Top of Excerpted data
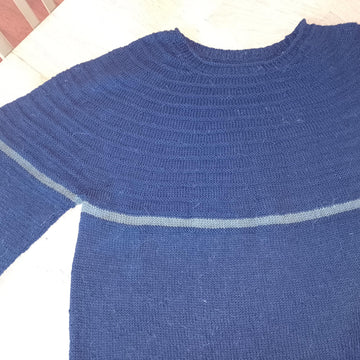 JASPER, pullover for the man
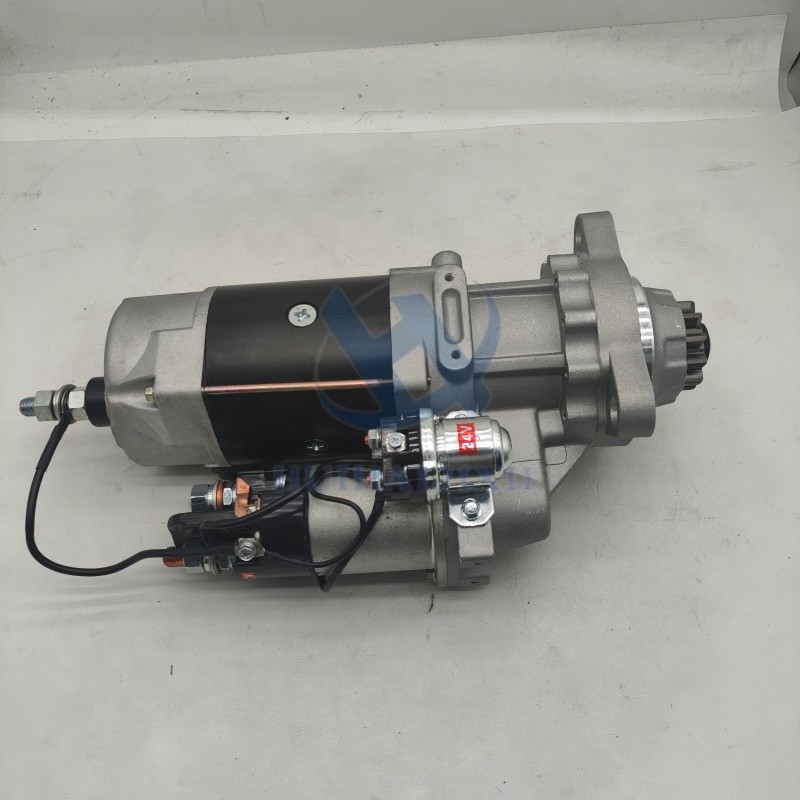 24V 7.5KW Starter Motor 528-4084 for Cummins ISM11 QSM11 Starting Motor 5284084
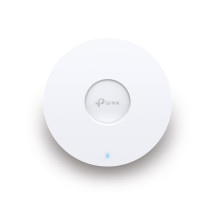 foto de AP TECHO WIFI 6 TP LINK OMADA EAP650 AX3000
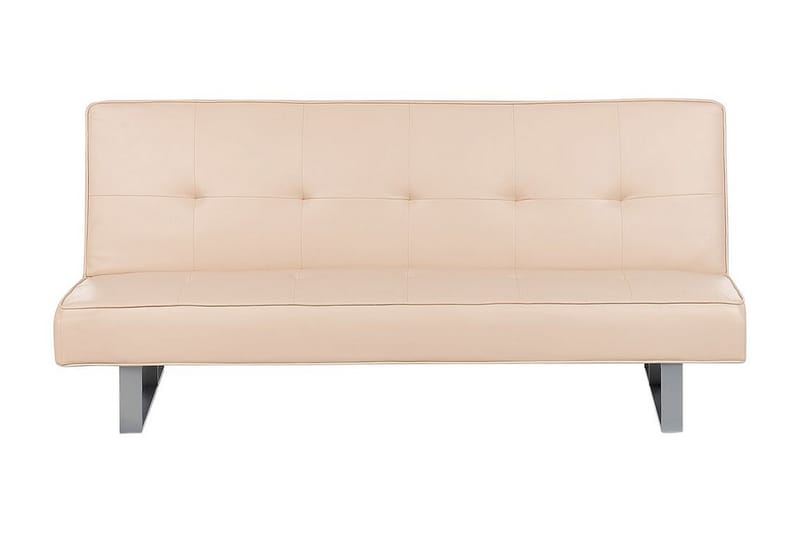 Filipov Bäddsoffa 3-sits - Beige - Möbler - Soffa - Bäddsoffa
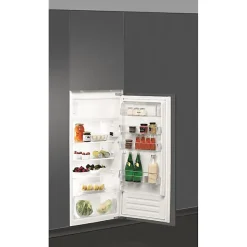 Réfrigérateur 1 porte intégrable à glissières 189l Whirlpool ARG7342FR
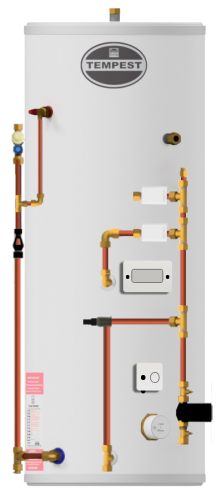 TEMPEST Indirect - SPLAN Pre-plumbed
Bottom of Excerpted data
• Aim of the exercise:
Locate the line containing "foto de AP TECHO" in the records above, then output it and every line after it through the last, excluding pictures.

• Response to this exercise:
 foto de AP TECHO WIFI 6 TP LINK OMADA EAP650 AX3000
 Filipov Bäddsoffa 3-sits - Beige - Möbler - Soffa - Bäddsoffa
 Réfrigérateur 1 porte intégrable à glissières 189l Whirlpool ARG7342FR
 TEMPEST Indirect - SPLAN Pre-plumbed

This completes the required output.